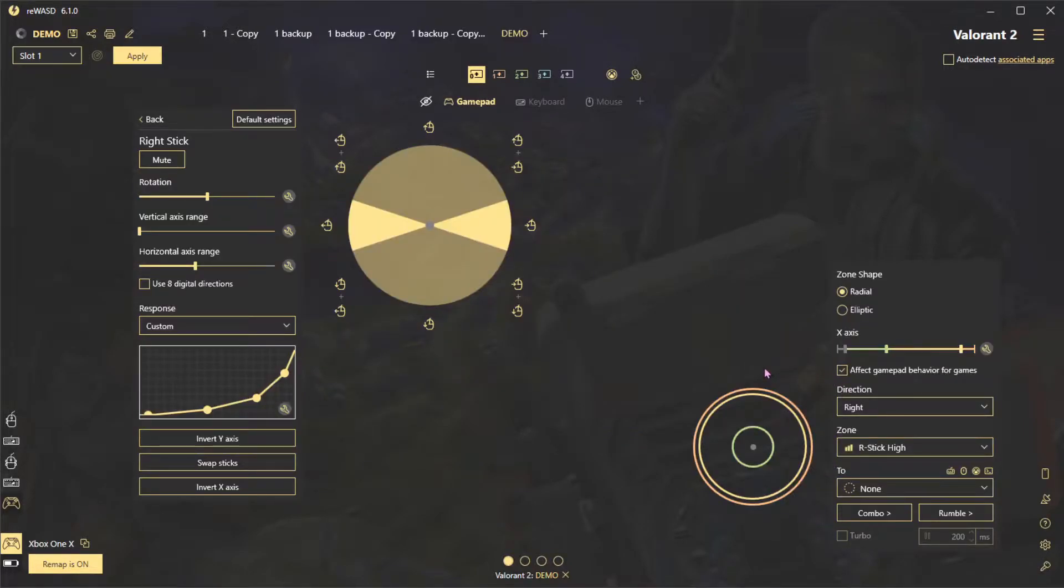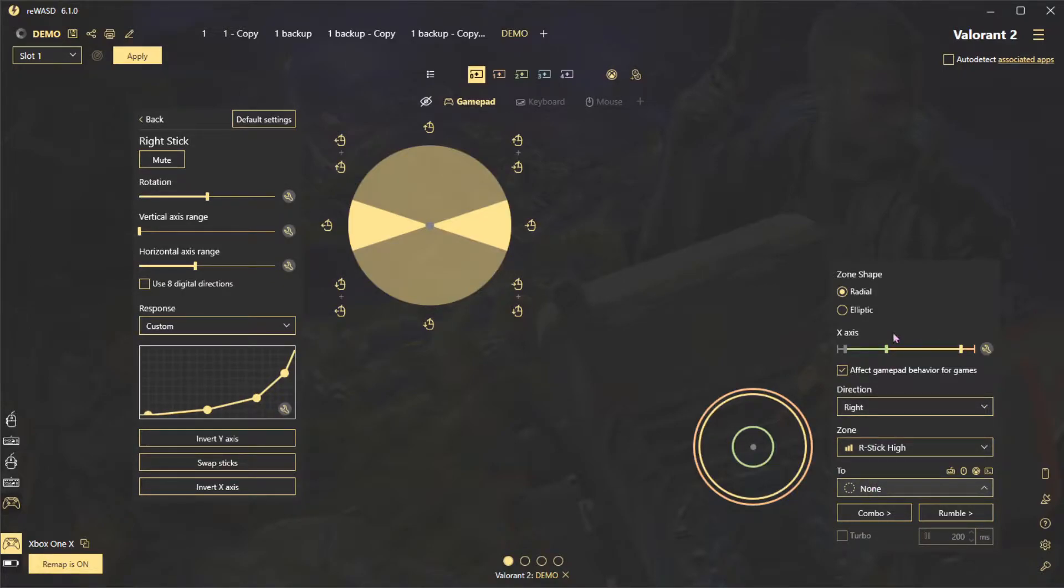Second, in advanced options, choose the right and left directions of the high zone and assign mouse right and mouse left to them. These bindings are digital and work the same as setting mouse movements to buttons, which is why they'll be affected by settings in the virtual devices menu.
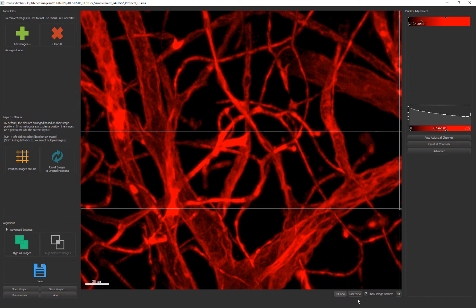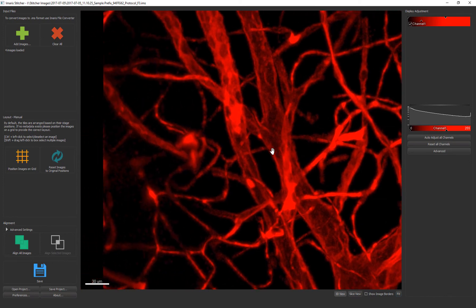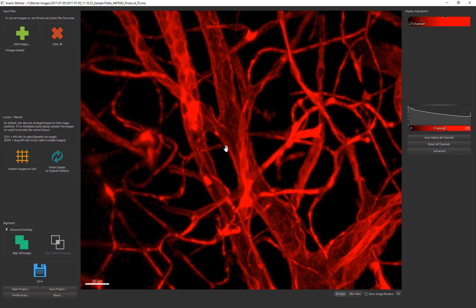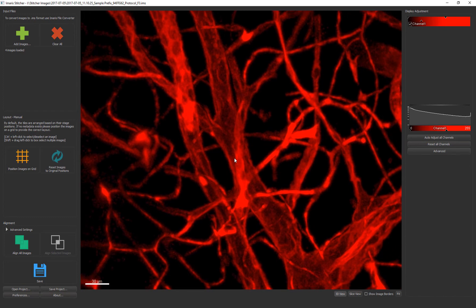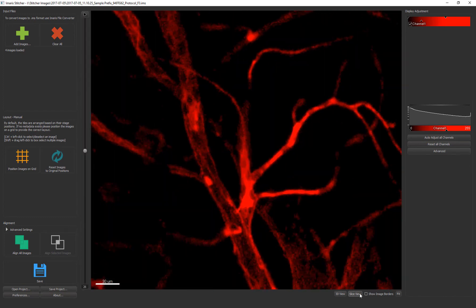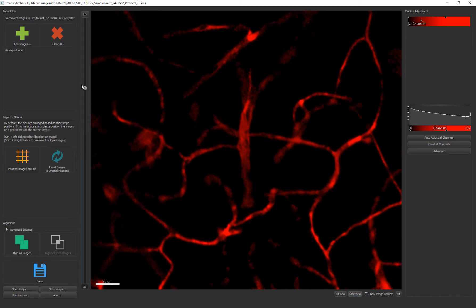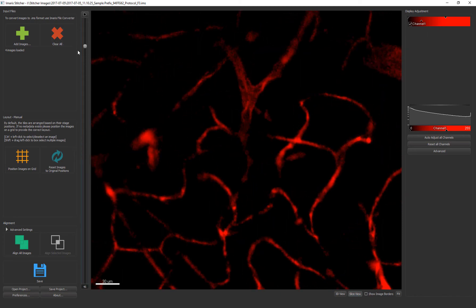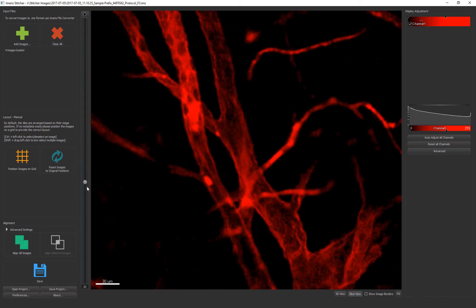After the alignment you can again inspect the tiles with the 3D view. In the bottom right hand corner you can turn on and off the image borders for each tile. You can also switch to a slice view. The slider for moving up and down through the z-planes is on the left side of the image window.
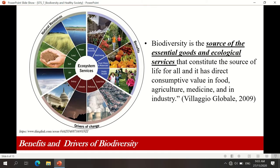Based on the module, biodiversity is described as a source of essential goods. Whether direct or indirect — direct consumption means whatever we harvest from biodiversity, we consume immediately. When we say indirect, we convert products out of the raw materials we get from biodiversity. Ecological services constitute the source of life for all and have direct consumptive value in food, agriculture, medicine, and industry. Examples of ecological services are ecotourism, national parks, and theme parks provided by ecosystems or biodiversity.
※
For every line above, produce an exact transcription that omits the images.

> _Response to the exercise_
Second, in advanced options, choose the right and left directions of the high zone and assign mouse right and mouse left to them. These bindings are digital and work the same as setting mouse movements to buttons, which is why they'll be affected by settings in the virtual devices menu.
After the alignment you can again inspect the tiles with the 3D view. In the bottom right hand corner you can turn on and off the image borders for each tile. You can also switch to a slice view. The slider for moving up and down through the z-planes is on the left side of the image window.
Based on the module, biodiversity is described as a source of essential goods. Whether direct or indirect — direct consumption means whatever we harvest from biodiversity, we consume immediately. When we say indirect, we convert products out of the raw materials we get from biodiversity. Ecological services constitute the source of life for all and have direct consumptive value in food, agriculture, medicine, and industry. Examples of ecological services are ecotourism, national parks, and theme parks provided by ecosystems or biodiversity.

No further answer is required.